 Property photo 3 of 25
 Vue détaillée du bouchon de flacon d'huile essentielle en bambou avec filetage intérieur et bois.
==
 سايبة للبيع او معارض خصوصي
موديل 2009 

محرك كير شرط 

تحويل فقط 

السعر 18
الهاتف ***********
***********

## GOAL OF THE EXERCISE
Within the data above, the span starting at the line containing "Property photo 3 of 25" and ending at the line containing "Vue détaillée du" is to be retyped exactly, with no other lines.

## SOLVED PROBLEM
 Property photo 3 of 25
 Vue détaillée du bouchon de flacon d'huile essentielle en bambou avec filetage intérieur et bois.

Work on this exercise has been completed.